(WHAT YOU SHOULD DO) Retype each record below word for word. Leave the pictures out.

━━━ RECORD EXTRACTS ━━━

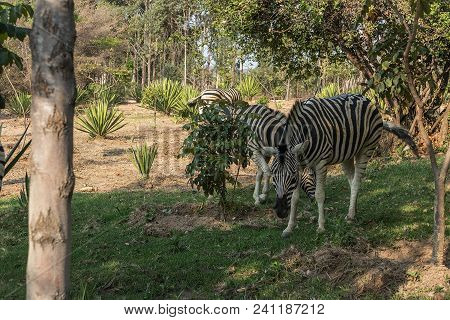 Zebra To Graze In Green Pasture. Lubango. Angola.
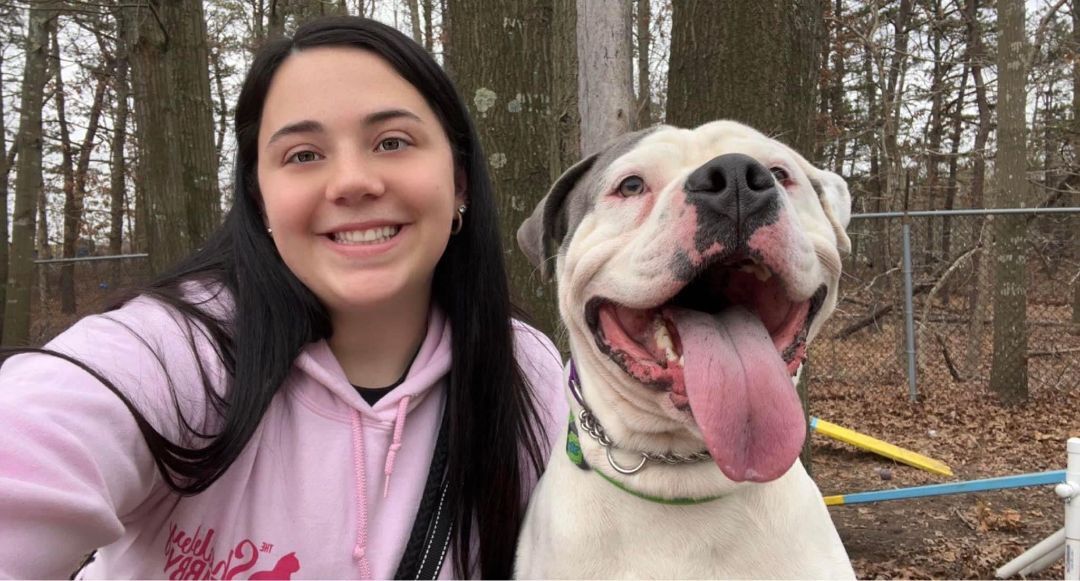 Enlarge Apollo, a Adoptable American Bulldog in Medford, NY image 4/6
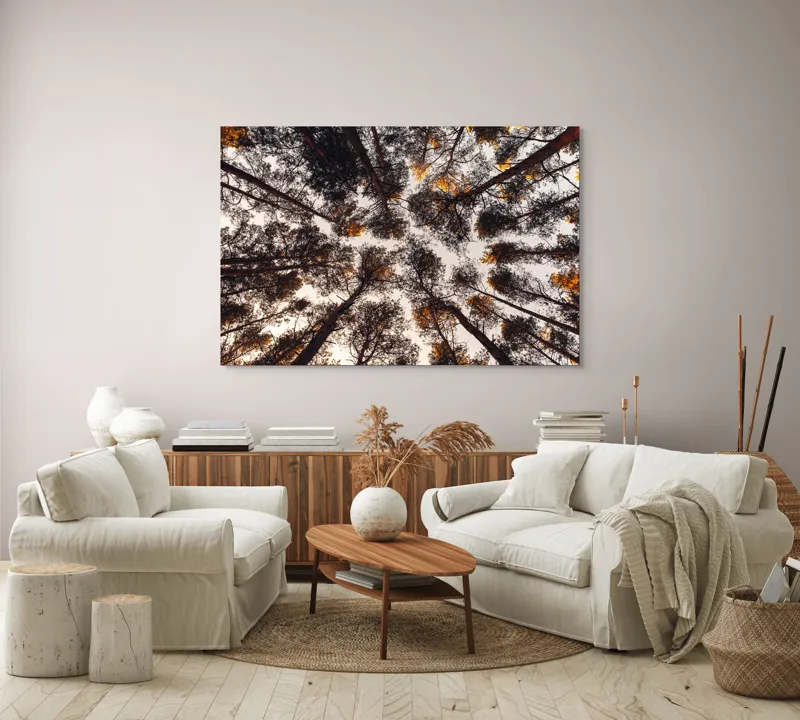 Tablou Canvas, "Privind spre cer printre pini", Copaci, Cer, Ramuri, Frunziș, Natură, Apus, Siluete, Pădure, Înalt, Vârfuri, 150 x 100 cm – poza 3
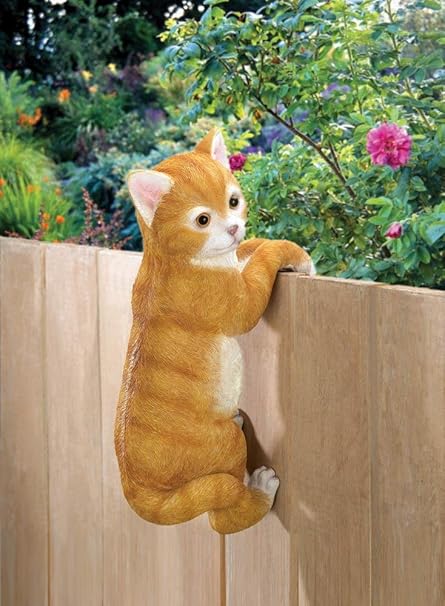 amazon cat fence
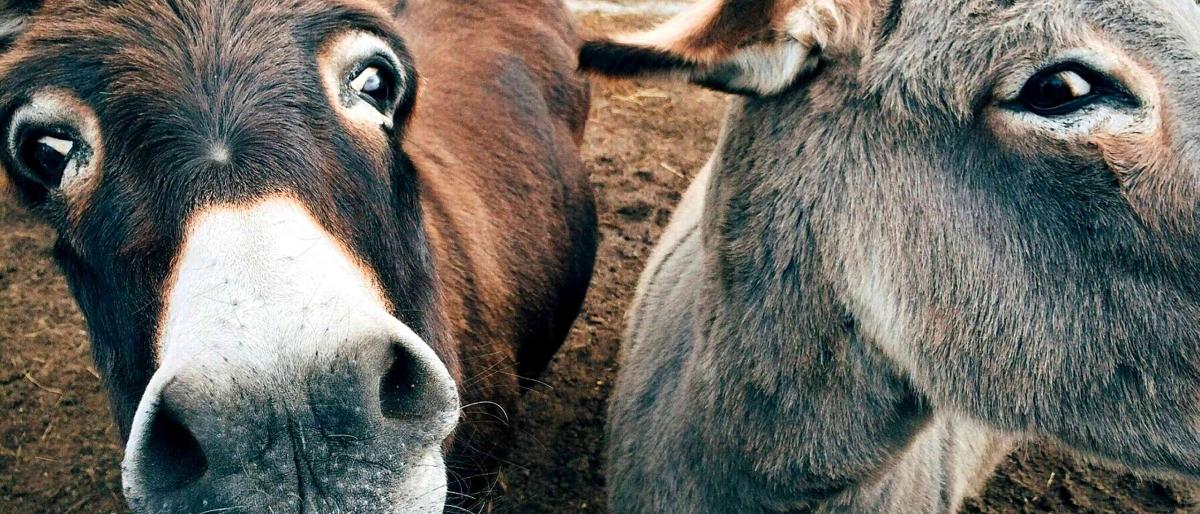 donkeys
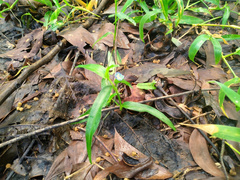 Commelina lanceolata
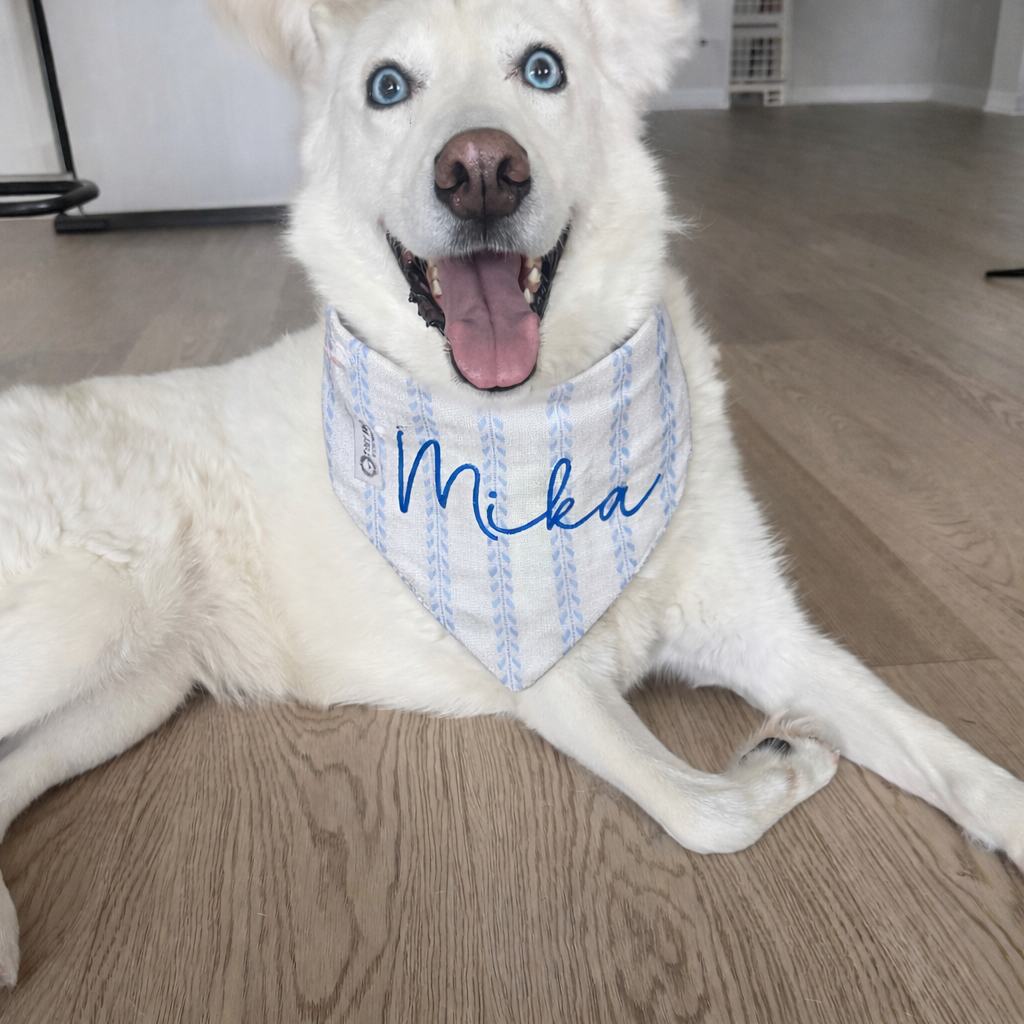 Classy Blue Dog Bandana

━━━

(RESULT OF THE EXERCISE)
 Zebra To Graze In Green Pasture. Lubango. Angola.
 Enlarge Apollo, a Adoptable American Bulldog in Medford, NY image 4/6
 Tablou Canvas, "Privind spre cer printre pini", Copaci, Cer, Ramuri, Frunziș, Natură, Apus, Siluete, Pădure, Înalt, Vârfuri, 150 x 100 cm – poza 3
 amazon cat fence
 donkeys
 Commelina lanceolata
 Classy Blue Dog Bandana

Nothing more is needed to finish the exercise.